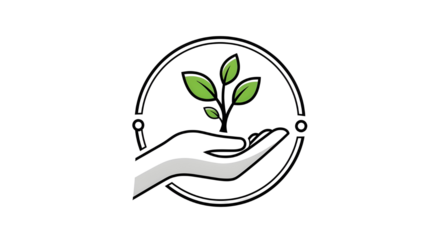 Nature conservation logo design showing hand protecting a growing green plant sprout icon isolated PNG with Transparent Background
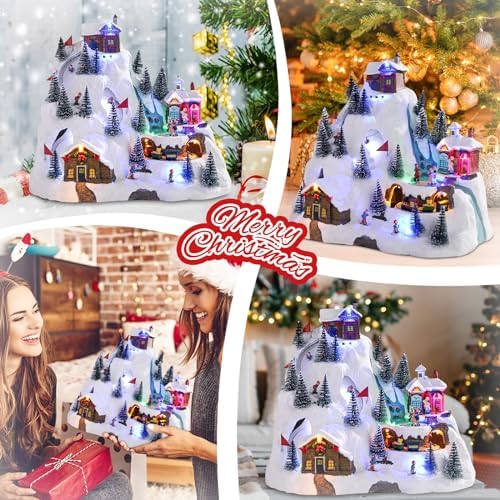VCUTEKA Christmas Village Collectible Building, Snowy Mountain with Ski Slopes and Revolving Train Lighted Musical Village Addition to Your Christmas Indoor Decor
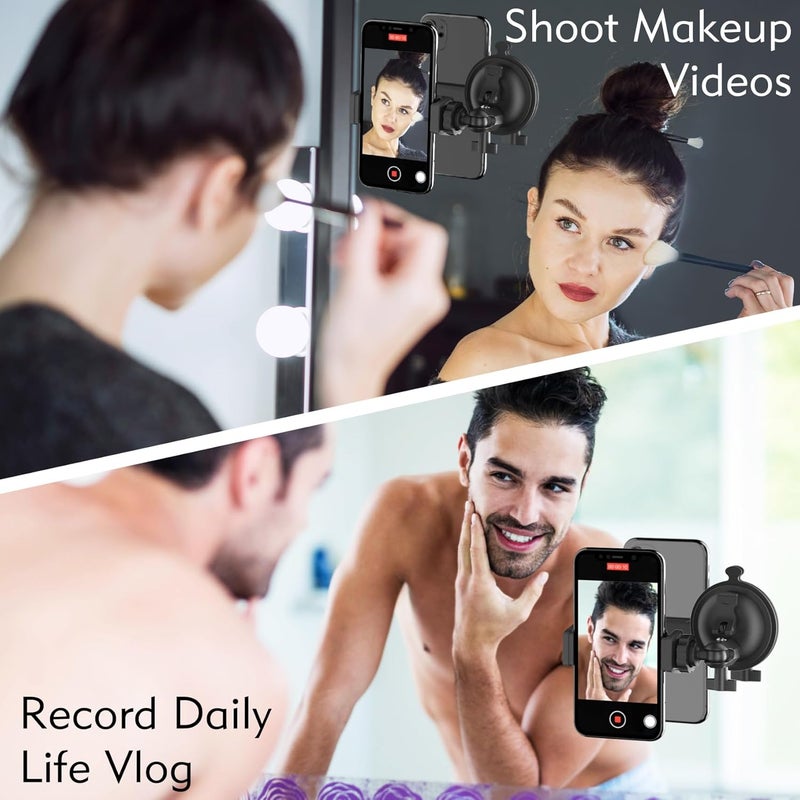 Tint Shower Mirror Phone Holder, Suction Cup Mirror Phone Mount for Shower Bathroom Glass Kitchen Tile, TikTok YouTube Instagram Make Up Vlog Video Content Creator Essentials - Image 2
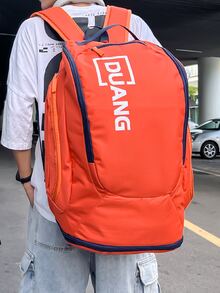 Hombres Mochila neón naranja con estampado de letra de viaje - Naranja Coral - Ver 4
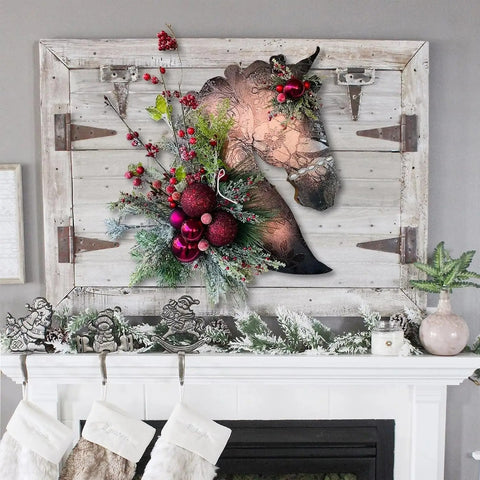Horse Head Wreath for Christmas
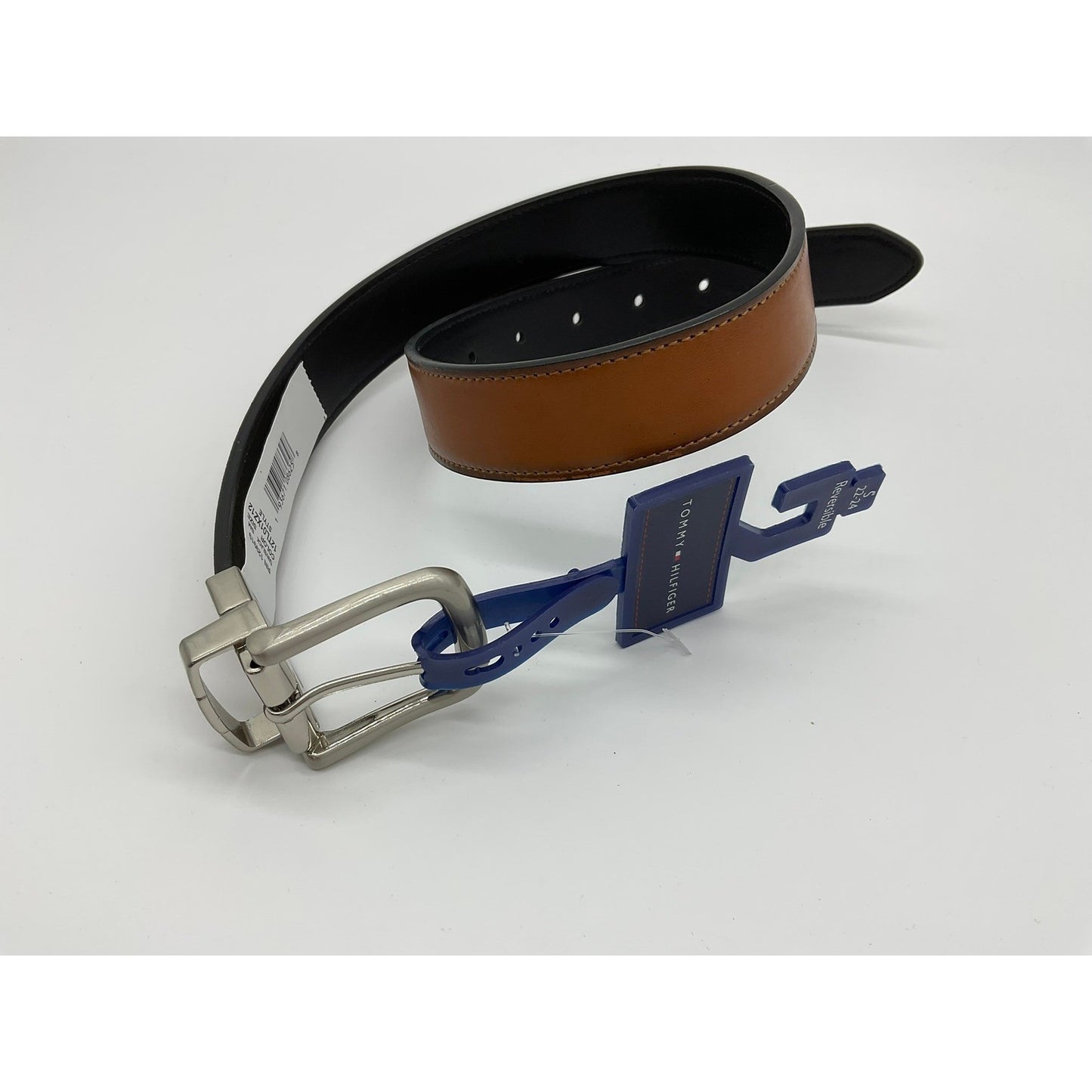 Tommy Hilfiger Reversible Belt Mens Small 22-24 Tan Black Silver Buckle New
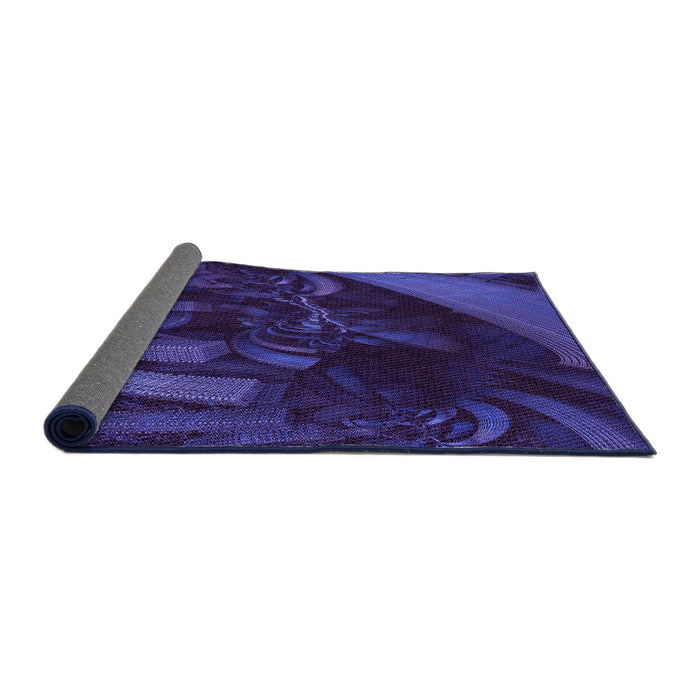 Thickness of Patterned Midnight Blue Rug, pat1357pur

---------------

* REQUIREMENT: Nothing but the lines from the one containing "Hombres Mochila neón" through the last line of the records should appear in the copy, exactly as written and without pictures.

* EXPECTED OUTPUT:
 Hombres Mochila neón naranja con estampado de letra de viaje - Naranja Coral - Ver 4
Horse Head Wreath for Christmas
 Tommy Hilfiger Reversible Belt Mens Small 22-24 Tan Black Silver Buckle New
 Thickness of Patterned Midnight Blue Rug, pat1357pur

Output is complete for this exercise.